Tuesday, May 29, 2012

Peter Berg: Battleship

Battleship, Universal Pictures, 2012.


In adapting the retro board game into a loud, mind-numbing Summer popcorn shitstorm, director Peter Berg betrays the very intentions of studio heads with dollar signs in their eyes. The actor turned under appreciated director has a heart and an eye; a mordant wit to boot. His previous excursions behind the camera displayed a talented director who knows how to handle popular entertainment. His past pictures, Very Bad Things, Friday Night Lights, and The Rundown, all had the touch of a burgeoning auteur, buried in the recesses of second banana roles in mediocre genre films; as a blockbuster director, he blows anyone else in the middle out of the water; Michael Bay has visual wizardry, but wishes he had Berg's savvy.
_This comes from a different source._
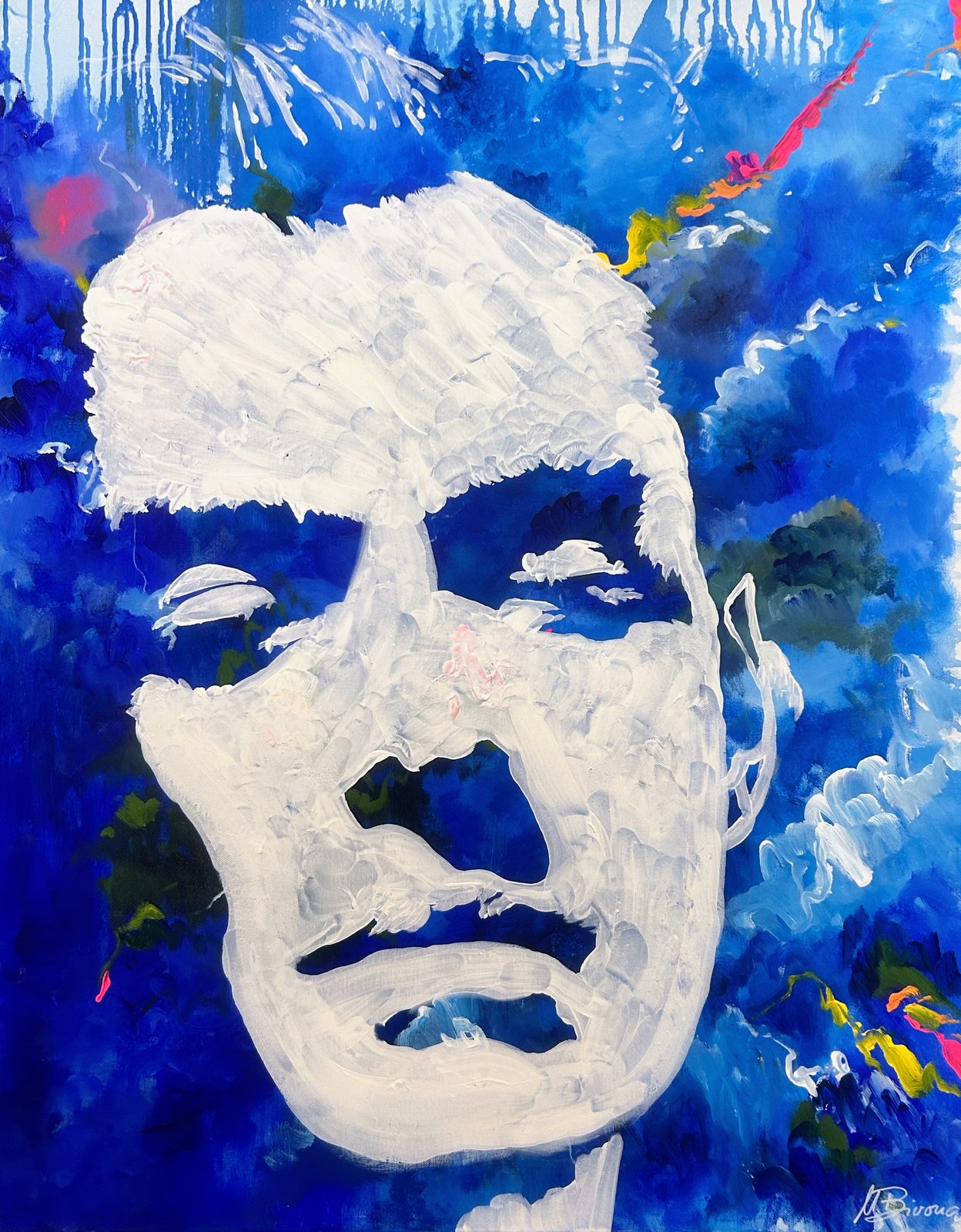 Jude Law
As for his newest picture, its easily his most flawed - a lot of it is even crappy. The script, by Erich and Jon Hoeber, is utter garbage, riddled with plot holes and guffaw-inducing dialogue. Once we accept that fact (if we do) than we are free to dissolve in the wonder of Hollywood action-sci fi at its basest level; a cineplex orgy of chaos and destruction. Berg knows how to connect spacial dissonance and his mise en scene is rigorously artful. Dp Tobias Schliessler captures the gruff surfaces of water and gleaming steel and metal with a cautious eye bordering on beauty. Steve Jablonsky's score is epically riveting, recalling his work with Bay, which only magnifies how talented Berg truly is.

The cast is besides the point; Taylor Kitsch and Alexander Sarsgard bro out as the testy Naval protags, Rihanna is thrown in for good measure as their cronie, sporting an assault rifle. My camp senors on high, I reveled in the gut-wrenching glory of Berg's greatest tour-de-force sequence in the film; the fleet confronts the alien ship which has landed on our coast. The visual effects are dazzling, even mind-boggling, and look far better than those in The Avengers.